Housakos' office says he isn't doing any interviews this week but that the Speaker is eager to continue his work on restructuring the Senate, using the recent report from the federal auditor general as a road map.

But many senators from both sides of the aisle are eager to see a fresh face on the dais. Make that a fresh female face.

Substantial bipartisan support is building for Senator Claudette Tardif to be the next Speaker. Senators describe the fully bilingual official languages champion from Alberta as an intelligent, non-partisan and empathetic person.

There hasn't been a woman speaker since the Liberals were defeated in 1979. Renaude Lapointe and her predecessor Muriel McQueen Fergusson were appointed by Trudeau's father, former prime minister Pierre Trudeau.

Modernizing from within

How Speakers are appointed is among many ideas senators are considering in a bid to modernize the institution from within.

Conservative Senator Stephen Greene and Liberal-appointed Senator Paul Massicotte have spearheaded a committee of interested senators who have been meeting in private to consider options such as doing away with Senate question period, forming non-partisan regional caucuses, slashing the membership on Senate committees and allowing senators to elect their own Speaker.

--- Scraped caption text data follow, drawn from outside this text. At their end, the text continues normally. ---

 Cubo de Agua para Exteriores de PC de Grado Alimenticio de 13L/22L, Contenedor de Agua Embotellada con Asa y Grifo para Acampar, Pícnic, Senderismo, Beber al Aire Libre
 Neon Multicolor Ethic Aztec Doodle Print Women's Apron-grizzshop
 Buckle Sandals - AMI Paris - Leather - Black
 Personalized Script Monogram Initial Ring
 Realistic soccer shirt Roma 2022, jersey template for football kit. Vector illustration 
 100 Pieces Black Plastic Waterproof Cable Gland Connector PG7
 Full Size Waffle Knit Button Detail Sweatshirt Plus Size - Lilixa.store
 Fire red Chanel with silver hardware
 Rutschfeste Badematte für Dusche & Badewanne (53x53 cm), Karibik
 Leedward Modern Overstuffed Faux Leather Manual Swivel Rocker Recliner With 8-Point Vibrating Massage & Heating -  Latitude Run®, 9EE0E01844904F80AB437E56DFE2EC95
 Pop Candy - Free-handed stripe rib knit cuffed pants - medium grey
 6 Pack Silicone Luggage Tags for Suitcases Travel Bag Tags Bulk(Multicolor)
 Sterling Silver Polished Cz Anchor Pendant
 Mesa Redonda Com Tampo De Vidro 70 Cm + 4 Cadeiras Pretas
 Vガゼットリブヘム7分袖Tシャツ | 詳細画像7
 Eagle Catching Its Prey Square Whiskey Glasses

"We are still working with our leaders and caucuses to have them agree to our ideas and their implementation ASAP. Progress has been made but nothing firm yet," Massicotte tells CBC News.

And there are other signs of increased non-partisan co-operation in the Senate.

Conservative senators have told CBC News that up to 20 of them have pledged not to play politics and hold up government legislation.

Along with the 22 vacancies in the upper house, there are eight independents and several Liberal-appointees who are regular no-shows — one more reason Trudeau may want to name a government leader and whip in the Senate.

As for where Jaffer and her Senate Liberal colleagues will sit, Cowan says he expects they'll swap seats with their Conservative peers who are now in opposition.

"We are not the government caucus. We are the Senate Liberal caucus, so we'll be sitting on the right hand of the speaker. I suppose traditionally it's been there for those who support the government. I suspect we support the government more than the opposition does."